The Offer is not conditioned upon any minimum amount of Notes
being tendered, but is subject to the satisfaction of certain
conditions as set forth in the Offer to Purchase. The Offerors
reserve the right, in their sole discretion, to waive any and all
conditions to the Offer. The aggregate principal amount of
each series of Notes that is purchased in the Offer will be based
on the acceptance priority level for such series as set forth in
the table above and subject to proration and other terms set forth
in the Offer to Purchase.
The Offerors' obligations to accept any Notes tendered and to
pay the applicable consideration for them are set forth solely in
the Offer to Purchase and the related Letter of Transmittal.
This press release is neither an offer to purchase nor a
solicitation of an offer to sell any Notes. The Offer is made
only by, and pursuant to the terms of, the Offer to Purchase, and
the information in this press release is qualified by reference to
the Offer to Purchase and the related Letter of Transmittal.
Subject to applicable law, the Offerors may amend, extend, waive
conditions to or terminate the Offer.
Citigroup Global Markets Inc. and J.P. Morgan Securities LLC are
the Dealer Managers for the Offer. Persons with questions regarding
the Offer should contact the Dealer Managers, Citigroup Global
Markets Inc. at (800) 558-3745 (US toll free) and (212) 723-6106
(collect) and J.P. Morgan Securities LLC at (866) 834-4666 (US
toll-free) and (212) 834-2494 (collect). Requests for copies
of the Offer to Purchase, the related Letter of Transmittal and
other related materials should be directed to Global Bondholder
Services Corporation, the Information Agent and Depositary for the
Offer, at (212) 430-3774 (for banks and brokers only) or (866)

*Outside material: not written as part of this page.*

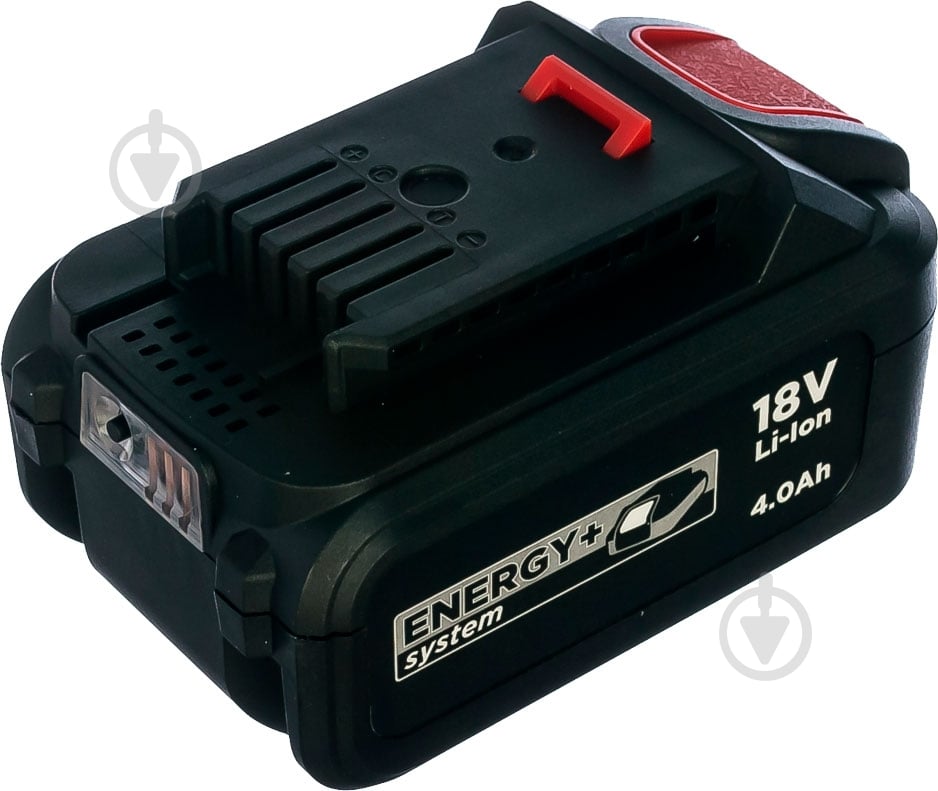 Аккумулятор GRAPHITE Energy Plus 18 V 58G004 - фото 1 Аккумулятор GRAPHITE Energy Plus 18 V 58G004 - фото 1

873-6300 (for all others and toll-free), or to the Dealer
Managers, Citigroup Global Markets Inc. at (800) 558-3745 (US
toll-free) and (212) 723-6106 (collect) and J.P. Morgan Securities
LLC at (866) 834-4666 (US toll-free) and (212) 834-2494
(collect).
This press release includes forward-looking statements,
including statements regarding the the conduct and outcome of the
Offer. Some of these statements can be identified by terms and
phrases such as "anticipate," "should," "likely," "foresee,"
"believe," "estimate," "expect," "intend," "continue," "could,"
"may," "plan," "project," "predict," "will," and similar
expressions. Such statements reflect the current views and
assumptions of the Westfield Group and/or the Offerers with respect
to future events and are subject to risks and uncertainties which
may cause actual results to differ materially from those expressed
in the statements contained in this press release. Factors
that could cause or contribute to such differences include those
matters disclosed in the Offer to Purchase. The Offerors do
not undertake any obligation to update any forward-looking
statements.
For further information contact:
Peter Allen
Group Chief Financial Officer
+61 2 9358 7402
About The Westfield Group
The Westfield Group is an internally managed, vertically
integrated, shopping centre group undertaking ownership,
development, design, construction, funds/asset management, property
management, leasing and marketing activities and employing over
4,000 staff worldwide. The Westfield Group has interests in and
operates one of the world's largest shopping centre portfolios with
investment interests in 109 shopping centers across Australia, the
United States, the United
Kingdom, New Zealand and
Brazil, encompassing around 23,700
retail outlets and total assets under management of A$61.7bn.